What kind of experience can people expect at Pluvio?
The restaurant is part of it, but the fact is we have also built and designed a beautiful hotel behind it. That is as important to talk about as the restaurant because that is where the immersive experience begins ideally, when our guests stay with us.
We’ve got these fun, beautiful, contemporary rooms, we deliver a breakfast outside at the end of service. They can wake up in the morning, and have a breakfast that we’ve prepared in the kitchen ready to go for them—it all sort of loops into one experience, an overall hospitality experience we’re trying to deliver.
Did you work with a designer on the hotel side?

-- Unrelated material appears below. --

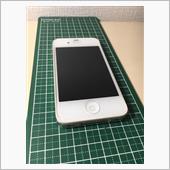 家電延命 - スマホ その3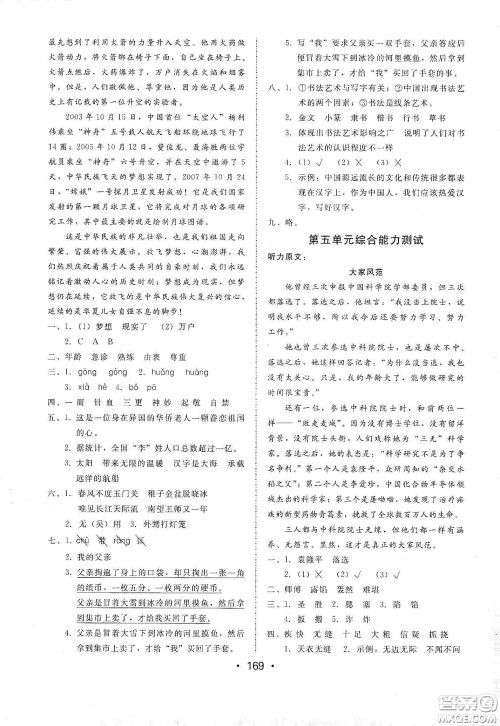 华翰文化2021教与学课时学练测五年级语文下册人教版答案 华翰文化2021教与学课时学练测五年级语文下册人教版答案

Lily and I did it, and we couldn’t be happier with how it turned out. We just brought in the right people to work on it. The Galloway Brothers did all the outside work on it, which was great, and then we worked with lots of local artists to make the rooms nice inside [Heather March, Isaac Shaw photographs, textile weaving by Diane Rudge and furniture from Port Alberni’s Chad Miles].
How are you feeling after Canada’s Best New Restaurant Nomination?
Excited, grateful, really hoping it helps us survive our first winter [much laughter]. We’re thrilled. You kidding me? What more could you want? We know we’re offering something that’s kind of special and unique, what we’re doing here, I do believe that. But just because you’re doing something special and unique doesn’t mean anyone ever notices it, so to have that kind of exposure on a national level, when we’re out here in Ucluelet is exciting and it’s a big help.